“Repubblica” oggi ha pubblicato una intervista di Goffredo De Marchis a Veltroni. Riprendo di seguito il testo. La vignetta a lato è tratta da “La Padania” di oggi. L’accostamento dissacratorio è serenamente pacatamente ovviamente casuale. Mi accontento di questa casualità non faccio altro commento.
Sul monitor scorrono le agenzie di stampa, Walter Veltroni sorride: «Berlusconi ironizza sul nostro entusiasmo e dice: “Obama sembra uno del Pd”. Si sbaglia: non sembra, è uno di noi. Il leader di un grande movimento politico e civile che è il pensiero democratico».
Il segretario del Pd ha puntato sul nuovo presidente americano da subito e oggi può festeggiare più degli altri. Lo ha incontrato nel 2005 quando la corsa alla Casa Bianca era nella mente di Dio. «L`anno dopo chiamai una casa editrice per dirgli di tradurre e pubblicare la sua autobiografia. Inizialmente, erano scettici. Oggi credo siano molto contenti...» scherza.
Perché scommise su Obama dopo quel colloquio? «Su Obama avevo scommesso già prima di quell’incontro. Mi aveva colpito il discorso alla convention del 2004, la sua forza, la sua passione. Mi sembrava che lui parlasse il linguaggio migliore dei democratici. Obama coniuga la condivisione della vita reale e la tensione ideale. Eppoi, la mia formazione politica è dentro l’esperienza democratica e il suo sistema di valori. Ho sperato per tutta la vita che nascesse in Italia un partito con lo stesso nome e la stessa vocazione. Ho sempre creduto che il riformismo fosse radicalità di principi e concretezza di programmi. Questo è il mio percorso. Io cerco di parlare un linguaggio che in Italia viene spesso considerato idealista e sognatore ma che per me è l’unico capace di trasformare la politica in passione, in programma, in valori».
Molti dicono che in fondo l’America non cambia quando si sostituisce l’inquilino della Casa Bianca. Perché adesso dovrebbe esserci una rivoluzione? «La vera rivoluzione non la fa il presidente, la fanno gli americani. Eleggendo per la prima volta un afroamericano, non chiudendosi in se stessi di fronte a una crisi economica gravissima. Invece di arroccarsi si aprono e guardano al futuro. Queste elezioni hanno la stessa forza del voto per John Kennedy».
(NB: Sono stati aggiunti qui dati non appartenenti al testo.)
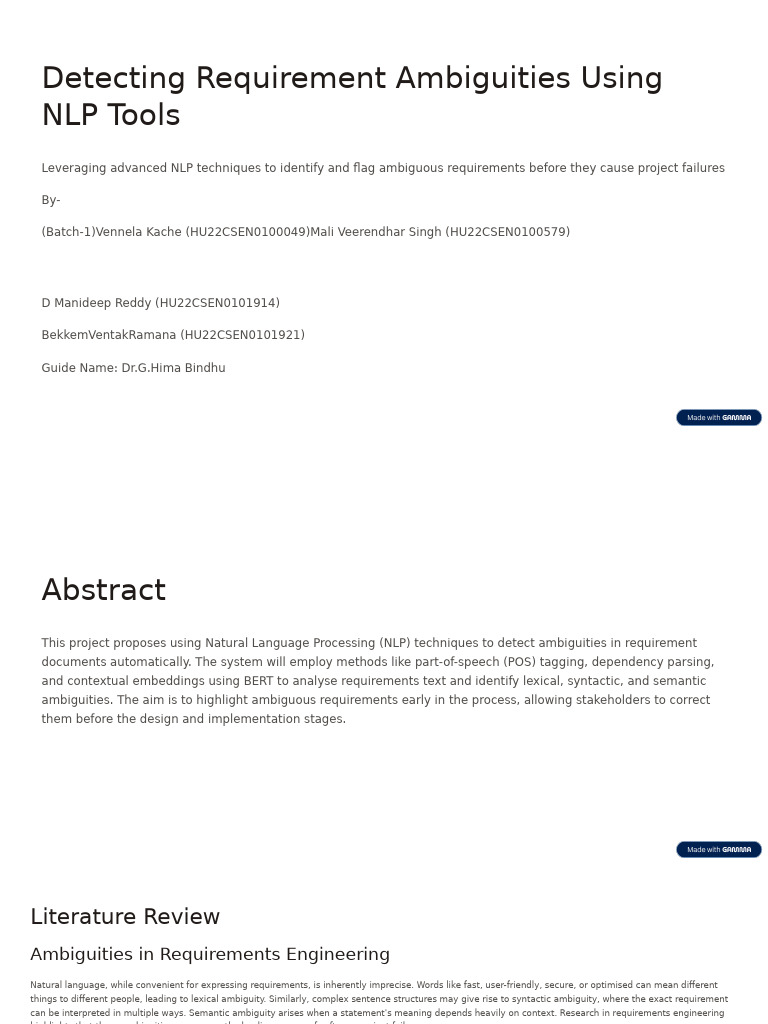 Detecting Ambiguities in Requirements | PDF | Parsing | Ambiguity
Ma oggi non sono più gli Usa il centro del mondo. Premono la Cina e l’India. «Che la Cina, l’India e altri Paesi siano protagonisti non ci sono dubbi. Io però credo all’insostituibilità dell’America. Il mondo non può accettare l’isolamento degli Usa, non può rinunciare alla sua leadership morale. In questi ultimi anni l’America era quella di Guantanamo, non più di Martin Luther King, era considerata da tanti lontana e nemica, redistribuiva la ricchezza in maniera totalmente iniqua. Ora esce dall’angolo. C’è anche la straordinaria prova di democrazia cui abbiamo assistito. Le file ai seggi e il grado di civiltà dimostrata dallo sconfitto. Ho mandato un messaggio a McCain perché il suo discorso mi ha impressionato. Si è preso le contestazioni della sua platea per aver citato le parole di Obama, per aver ricordato che l’America è una. Se guardo alla politica italiana, la differenza appare enorme. Obama vuole unire il suo Paese. In Italia si fa il contrario. Il vincitore Berlusconi, per altro rappresentante di una parte non maggioritaria del Paese, si preoccupa di aggredire gli avversari, non di tenere insieme l’Italia».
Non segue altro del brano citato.